Buratti ha bisogno di crescere ancora. Dov’era l’anno scorso di questi tempi? Aveva finito il secondo anno da U23 con il secondo posto al Trofeo Chianti Sensi di Lamporecchio (corsa di 134 chilometri) come miglior risultato. L’anno precedente, al debutto nella categoria, aveva portato a casa una vittoria con la maglia del Pedale Scaligero, dopo due anni fra gli juniores con una vittoria e due podi. Bastano le vittorie del 2022 per dire che Buratti sia pronto per il professionismo? Forse sì, ma forse anche no.

Il messaggio che dovrebbe passare, quindi, dovrebbe essere legato a un ragionamento tecnico tutto volto al suo interesse. E all’interesse di tutti i corridori che saltano subito sul treno, costi quel che costi.

Buratti potrebbe non essere pronto, come tanti alla sua età: deve confermare agli altri e soprattutto a se stesso che l’oro del 2022 non è stato per caso. Un team WorldTour non è il posto migliore per farlo, andate a leggere cosa ha detto su questo Matteo Trentin.

Avrebbe potuto puntare su una professional, tuttavia rinunciando alle occasioni che una squadra superiore potrà dargli quando sarà pronto.
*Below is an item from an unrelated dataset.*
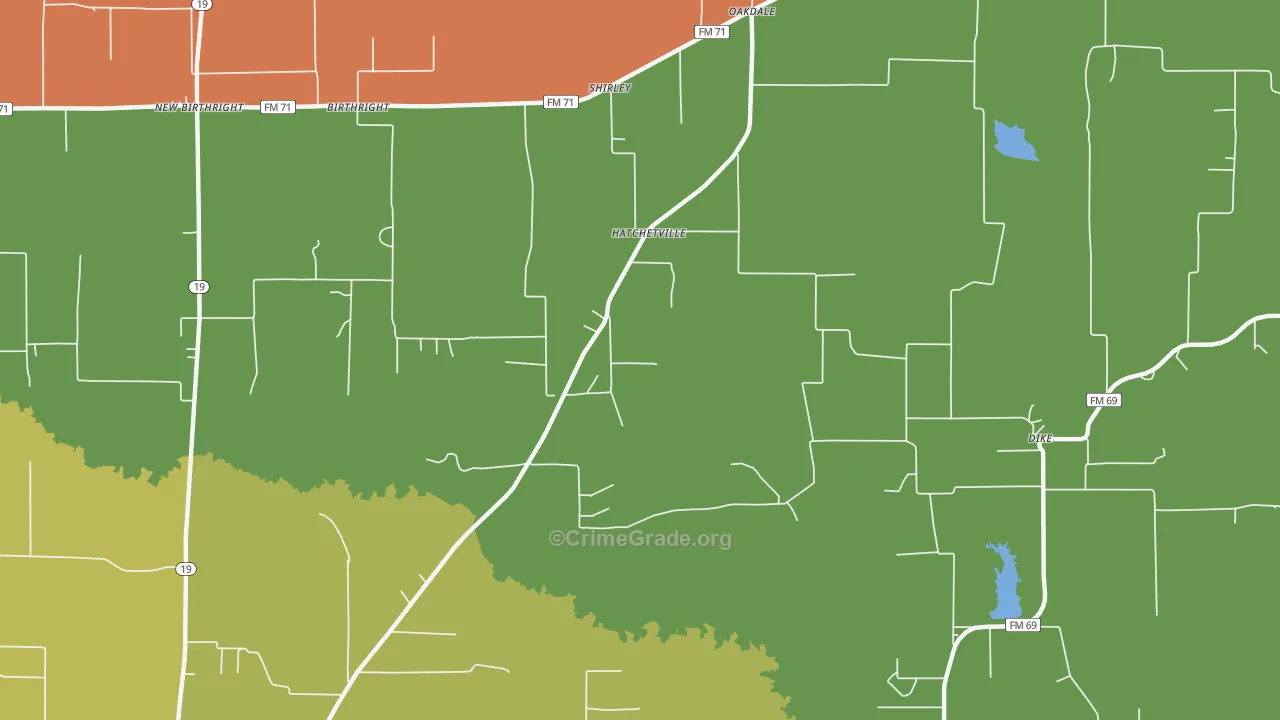 Hatchetville, TX Map of Theft Rates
Parrebbe infatti che per lui si stia scrivendo un biennale 2024-2025 proprio con il team Bahrain.

Forte di vittorie come Capodarco, nel 2023 Buratti potrà alzare l’asticella e puntare al mondiale
Forte di vittorie come Capodarco, nel 2023 Buratti potrà alzare l’asticella e puntare al mondiale

Il ferro caldo

Una volta, quando i corridori facevano 4 anni al top fra gli under 23, si tiravano in ballo le motivazioni mancanti, ma probabilmente nel caso di Buratti c’è ancora tanto da scoprire e da costruire. Farà attività qualificata con la nazionale e con il suo team. E soprattutto, a causa di una situazione che non avrebbe sperato di vivere, avrà la possibilità di affrancarsi dalla ricerca spasmodica di nuovi fenomeni imberbi, come Evenepoel, Ayuso e Pogacar, che restano eccezioni.

Per cui ripartiamo dalla domanda d’esordio. Rimanere al CT Friuli potrebbe essere descritto come una scelta intelligente, anziché una disgrazia. E se non passa Buratti, forse non dovrebbero passare tanti altri meno solidi di lui, convinti in prima persona o da altre voci che il ferro vada battuto finché è caldo.

Stiano attenti. Il ferro caldo si plasma molto facilmente. Ma quando si raffredda e la forma non è quella che si sperava, poi raddrizzarlo è difficile. E niente sarà più come prima.